Not all lenders will like you
The first thing that you need to do (and you probably already know this by now) is that you should look attractive to lenders. This is where the trouble comes in. Not every lending company will look for the same criteria and you need to fit the box that they have designed for home owners. If you don’t, you get rejected – simple as that. If you feel like you fit in between, in the ‘grey’ area, then it could swing any way. Lenders usually look at the following criteria to see if you meet it:
- the size of the loan you are asking to take out
- how much you have already saved
- your employment status and income figures
- your credit card rating
- your expenditures
- your existing debt
If you pass the criteria, it still does not mean that you will be accepted. These companies are very strict with their screening processes. Don’t go see only one lender; it doesn’t mean that if one rejects you, another one will too. Apply for mortgage at as many places as you can and if more than one accepts you, then you have the choice of which one is the best.
Repay other debts
As you have seen above, lenders are going to ask about your debt and they are probably going to want to see statements. One way of getting this debt down is to repay it before you go and see the lender. Repaying things like retail accounts, overdraft accounts, and cell phone bills will increase your chances of fitting the criteria. The lenders are going to look at how much you spend per month trying to get rid of debt and they are going to assess whether or not you can afford the mortgage every month. If you are not using an account or credit card, rather close it. You can always apply for a new one after your mortgage has been approved.
Want mortgage? Always pay all your bills on time
This should be obvious to you. Every single payment that you miss when it comes to your bills will reflect on your credit rating – and it won’t look good. These skipped payments will count against you for at least one year and it does not go away until at least 6 years. An easy way to keep track of your bills is to set up direct debit orders so that it is automatically paid every month. If you can’t keep up with the bills per month, how are you going to keep up with a mortgage?
Your ex partner’s score can wreck yours
It is very important that you are aware of the implications of a joint account or credit if you are linked to someone else. If you are separated from them, de-link yourself as soon as possible. If you keep the account or credit linked and the other person skips payments or commits financial misdemeanours it automatically reflects badly on your record. Credit agencies do disassociate you from your ex-partner; all you have to do is contact them. Make sure that you check their credit history regularly if you are uncertain.

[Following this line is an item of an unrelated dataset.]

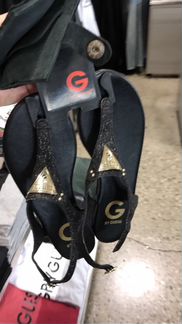 Новые сандали Guess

Minimize your spending before applying for a mortgage
We have already said that lenders will want to look at your expenditures before approving your mortgage and they will probably want to see statements. This is all part of the ‘stress test’ – this means that they would like to see if you will still be able to afford your mortgage payment if the rates went up to 6%. Lenders might ask you for your last 3 months’ bank statements and your payslips to see if your expenditure correlates with your income. It is worth it to limit your spending for the next 3 months so that you record looks a bit better, especially if you are applying for a large mortgage. You should also consider living frugally once you have actually purchased the house – there are a number of new running costs that might infiltrate your budget and give you some surprises at the end of the month. This way you will always have money to stop the holes.
Check your credit score before your lender does
One of the main things that you need to convince the lender of is that you can manage to pay back the mortgage and that you are a responsible adult who can work with money. One way of doing this is to check your own credit score and see if you have a good credit rating and payback history. Your credit file consists out of numerous things like credit cards, loans, overdrafts, utility payments and even some mobile payments. It covers all accounts opened during the last 6 years. The great thing is that you can check the history for free.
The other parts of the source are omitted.